10 Comments

Timely and Important topic! May I add to your excellent checklist @adamtaggart:

1. Inquire about their performance on capital preservation during the bad times.

A. Dot-com boom and bust

Aug 24 2000 - July 29 2002 (23 months)

S&P Down 47%

B. Housing & Great Financial Crisis

Dec 15 2006 - Nov 20 2008 (23 months)

S&P Down 51%

2. This you can do yourself. check what holdings are actually inside your 401k and IRA funds.
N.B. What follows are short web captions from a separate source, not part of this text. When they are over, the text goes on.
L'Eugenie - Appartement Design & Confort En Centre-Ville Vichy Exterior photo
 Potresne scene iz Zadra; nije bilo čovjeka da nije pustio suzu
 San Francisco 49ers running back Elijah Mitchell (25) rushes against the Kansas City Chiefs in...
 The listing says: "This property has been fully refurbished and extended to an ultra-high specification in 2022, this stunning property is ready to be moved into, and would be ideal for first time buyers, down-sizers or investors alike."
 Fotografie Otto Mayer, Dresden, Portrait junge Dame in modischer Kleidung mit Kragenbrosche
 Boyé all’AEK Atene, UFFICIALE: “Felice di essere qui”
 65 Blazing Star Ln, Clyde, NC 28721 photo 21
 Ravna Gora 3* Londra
Many funds stuff 3-5 other inhouse funds into one, thus basically offering the same mag 7 growth fund across multiple institutions.

Over the long term, 98.6% of all actively managed domestic US equity funds in every major category and 99.8% of all large-cap funds, under performed the S&P 500 Equal Weight Index.

Based on 20-year total returns in USD (per S&P Dow Jones Indices LLC, CRSP, data as of Jan. 31, 2023), the performance of the major funds:

S&P 500 Equal Weight Index (Annual Return = 11.48%)

S&P 500 Growth (Annual Return = 10.88%)

S&P MidCap 400 (Annual Return = 10.84%)

S&P SmallCap 600 (Annual Return = 10.67%)

S&P 500 (Annual Return = 10.29%)

S&P 500 Value (Annual Return = 9.33%)

3. The most important. If you are 20 or even 30, you can prob survive a subpar manager. You have 30+ yrs of compounding as long as you avoid #yolo crap and debt. If you are entering retirement and have been under served til now, time is running out. At least educate yourself so you can grade advisor's homework. Without educating yourself how can you get into the back seat of the car? Someone's word? Hope and prayers?

Financial Freedom is not free, but the treasure is worth the pursuit!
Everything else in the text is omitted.